Joannes Vermorel: That’s a good point. The fear is valid, but people’s expectations of what will happen are usually incorrect. If you read the press, you’d think that all these jobs will be replaced and people are going to object. However, in supply chain, that’s not the case. Why? Because the jobs that are being replaced are, quite frankly, not great. Imagine dedicating eight hours a day to editing Excel sheets. It’s not an engaging job. People are usually quite happy when that task can be automated. They can then do a more rewarding version of their job that makes more sense and doesn’t involve so much tedious work with Excel. But this doesn’t mean there will be no disputes. These disputes, however, will occur at a completely different level - at the corporate level.

For example, consider a retail network with various stores. The question is - what about the inventory in each store? On the surface, you would think that all products in the stores exist solely to be sold to customers. But it’s not entirely true. The inventory within a store serves two purposes. The first one is that a customer walks into the store, finds what they want, and makes a purchase. The second purpose is to make the store appealing enough that the customer is enticed to buy something. So, the inventory plays a dual role.

Kieran Chandler: The issue we’re discussing today is the reason why stores are so full of merchandise. It seems as if they’re afraid to appear half-empty, reminiscent of a store from the USSR. It’s not a desirable image for customers.

Joannes Vermorel: Absolutely, people in retail are aware of this. This is essentially what merchandising is about. Now, let’s consider what artificial intelligence can bring to the table. AI is so exact that it can provide answers you didn’t even know you needed. First, it can tell you precisely how many units of stock you need to serve your clients. Secondly, it can calculate how much stock you need to make your store visually appealing to customers.
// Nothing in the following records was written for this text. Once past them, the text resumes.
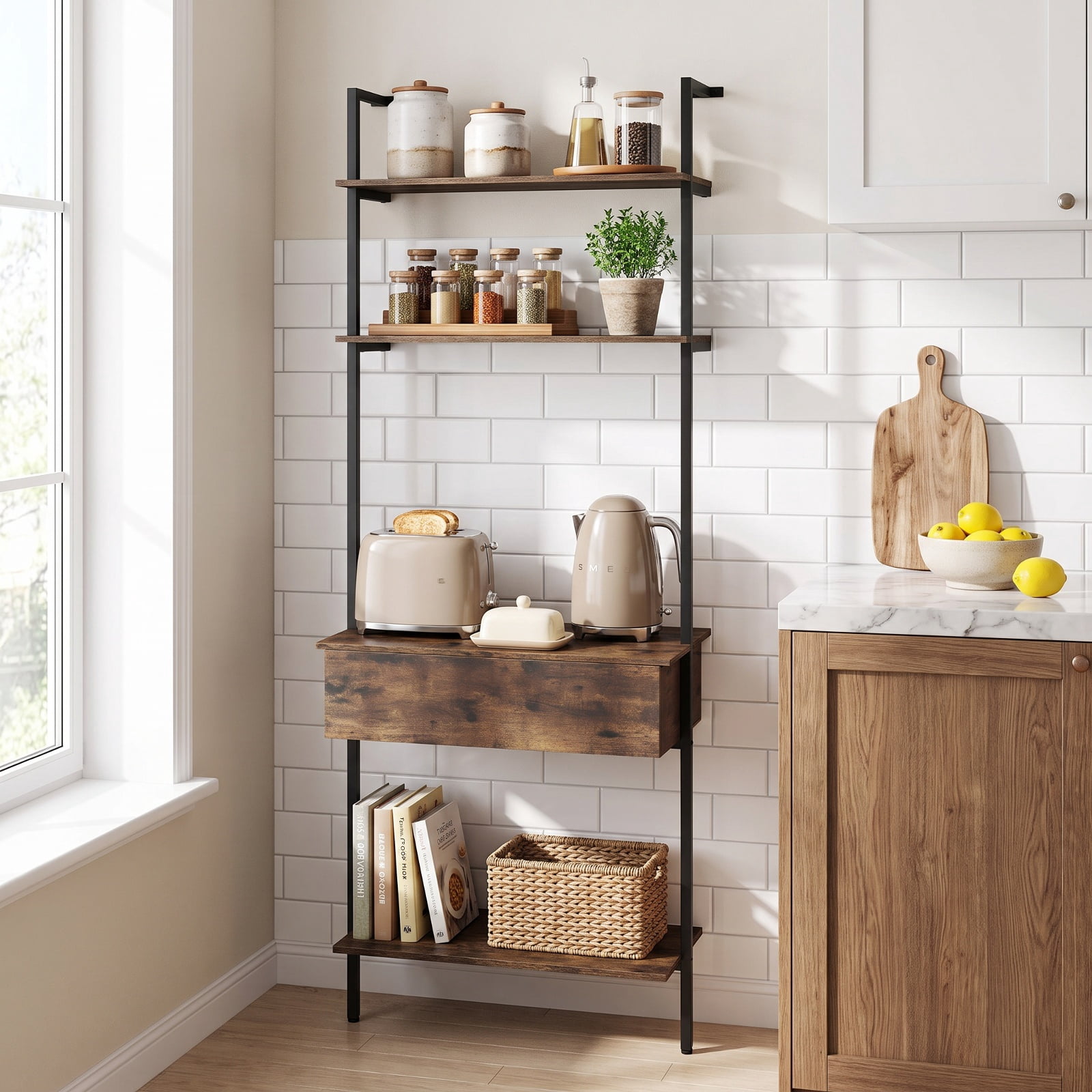 Furnibear 4-Tier Ladder Bookshelf with Drawer and Metal Frame for Living Room for Living Room Home Office Bedroom Display Storage Shelf, Rustic Brown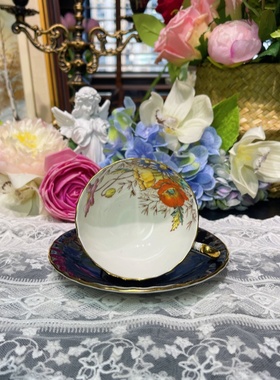 西洋古董 aynsley 黑釉杯内珐琅彩彩色花卉阔口鎏金骨瓷杯碟 现货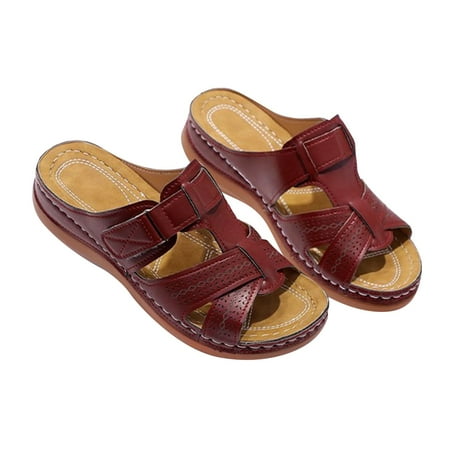 

LIANGP Ladies Slippers Women Summer Open Toe Hook Loop Comfy Sandals Casual Wedges Non Slip Slippers Women s Shoes Red Size 7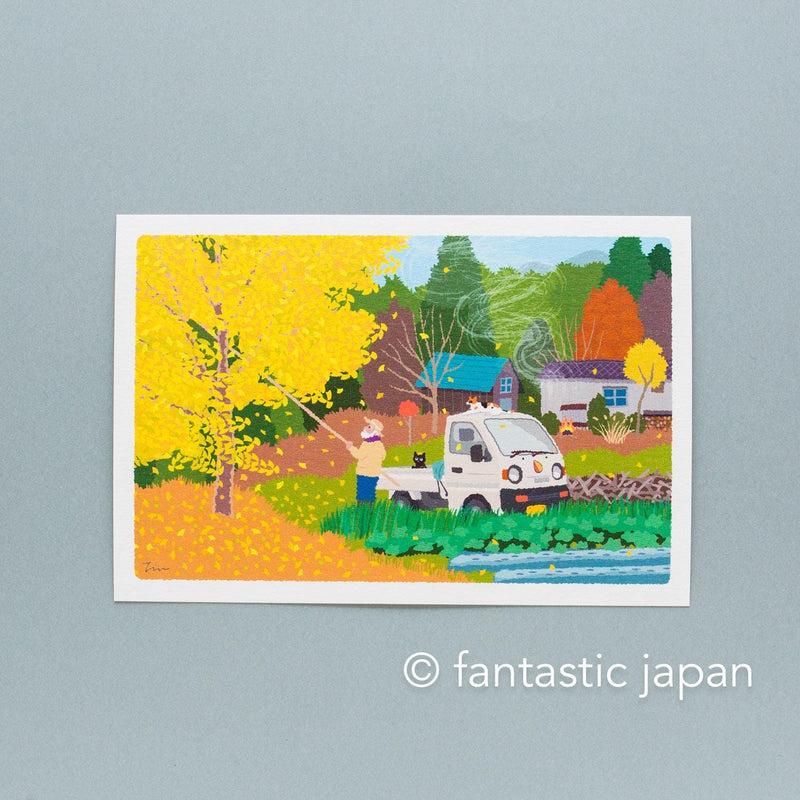 tabi-neko post card -Ginkgo Leaf Fall-
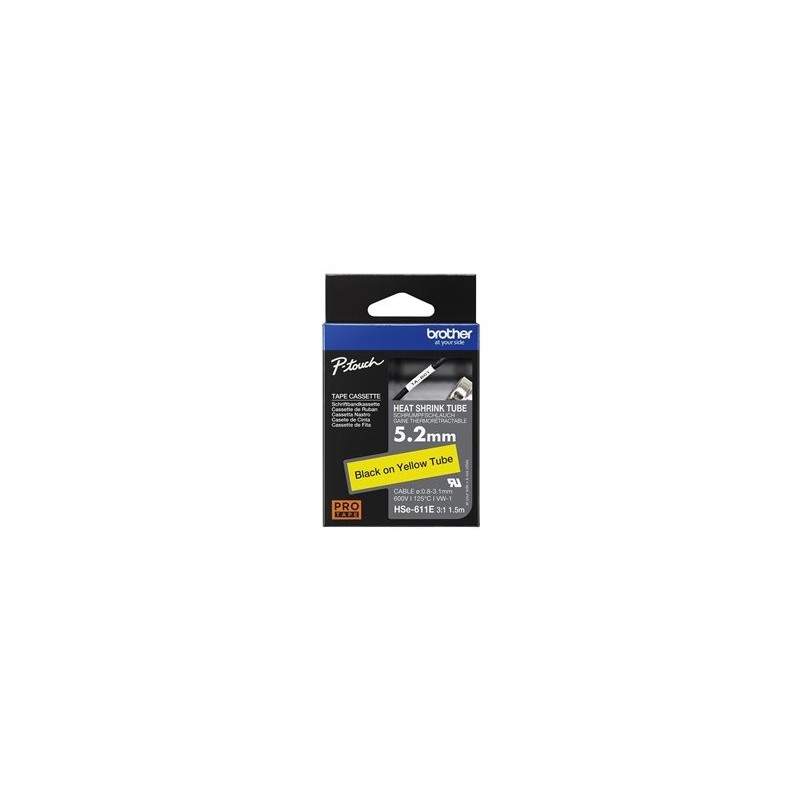 BROTHER Heat Shrink Tube Black on Yellow 5.2mm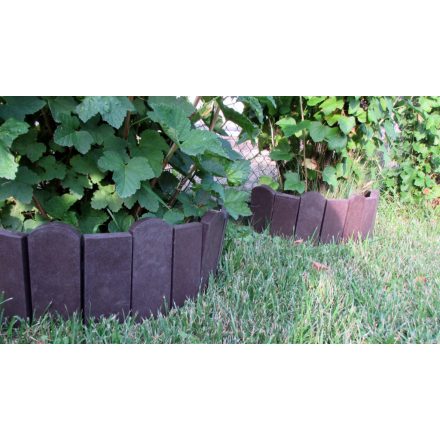 Műanyag paliszád "Orient", ~110x25 cm, kerítésléc profil, 78x21 mm, téglavörös / szürke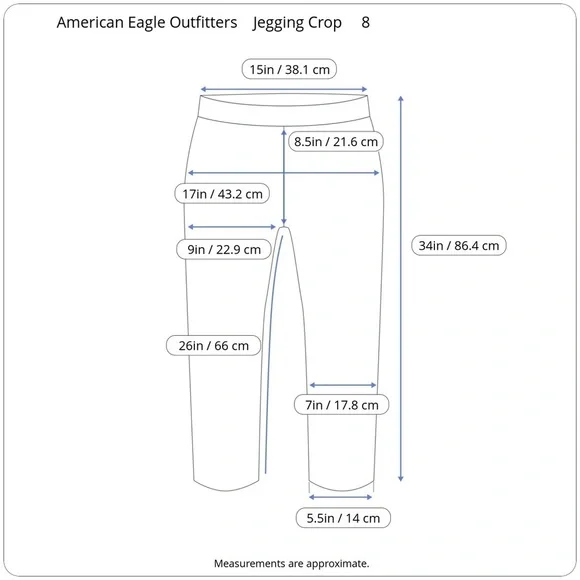 AEO Denim Super Super Stretch Crop Jegging Medium Blue Wash Raw Hem Mid Rise 8 - Picture 14 of 15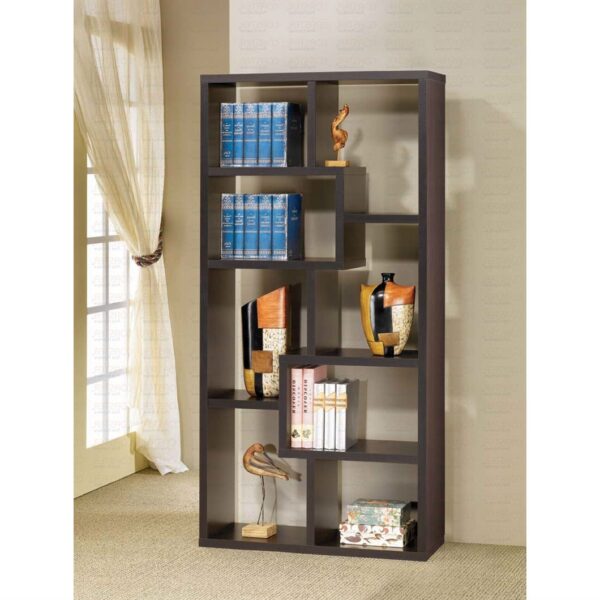 Modern 70-in High Display Cabinet Bookcase in Dark Brown Cappuccino Wood Finish - Image 2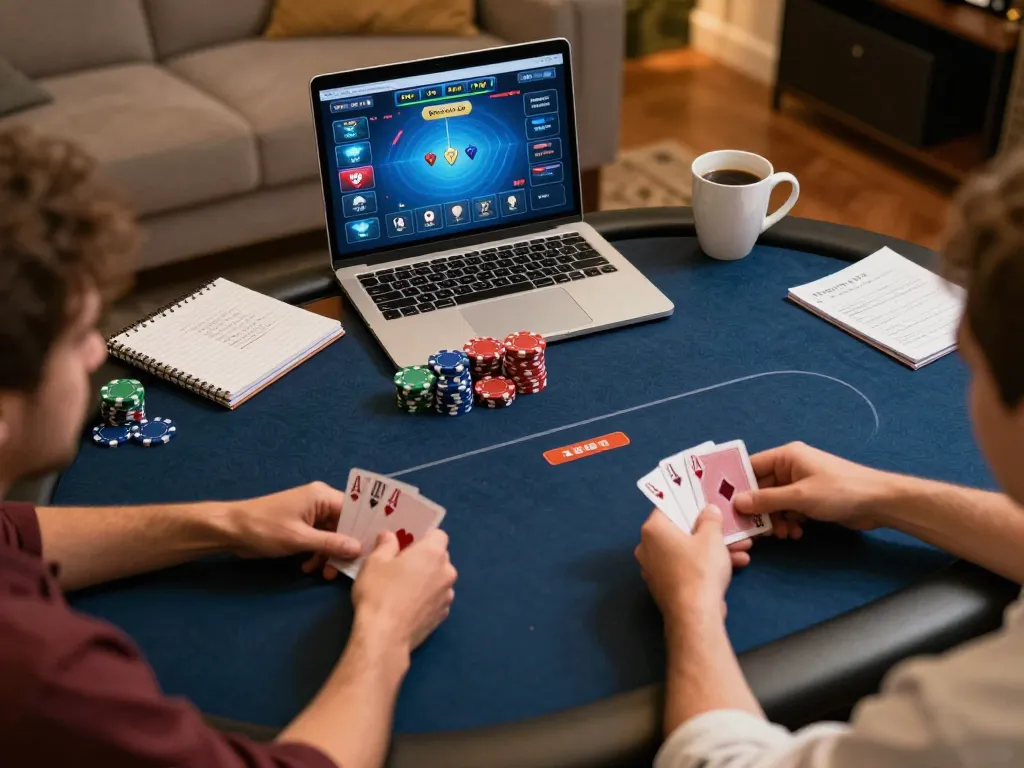 Players strategizing at Jun88 online poker table during a cozy home gaming session.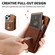 iPhone 11 Retro Magsafe Cross Leather Pull-Out Card Bag Back Phone Case - Brown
Kieran Chandler: So, if we think about this at the corporate level, who is going to pay for these two types of stocks?

Joannes Vermorel: Well, the supply chain naturally pays for the stock that is needed for the customers. But as for the additional stock that’s there simply to make the store look appealing, that’s essentially a marketing expense. It’s akin to paying for a TV ad - it doesn’t directly sell products but generates interest. So, when you integrate AI into your retail chain, it begins to blur the line between supply chain and marketing. Some people may find this challenging, especially the marketing director, who might suddenly find a huge portion of the budget allocated to stock.

Kieran Chandler: It seems like this shift could cause some internal conflicts within the company.

Joannes Vermorel: Yes, there could be resistance, especially from those who were comfortable with their previous budgeting arrangements. They might say, “No, supply chain folks, please keep that. I was just fine having only TV ads as part of my budget.” But now, the perception is changing. Stock is being viewed as a part of marketing. This is a profound shift, and while implementing AI software can be done swiftly, understanding and adjusting to these changes might take decades.

Kieran Chandler: I see, that’s an insightful perspective. Well, I’m afraid that’s all we’ve got time for today. Thanks for such an interesting discussion, Joannes. It’s been wide-ranging - we’ve started with artificial intelligence and ended up talking about stores in the USSR. That’s the way these things go. Well, thanks for your time, Joannes.

Joannes Vermorel: Thank you, Kieran.

Kieran Chandler: I hope that our discussion helped clear up some of the common misconceptions about artificial intelligence. Thanks for tuning in and for the great feedback we’ve received on our videos so far. We’ll be back very soon, but until then, goodbye.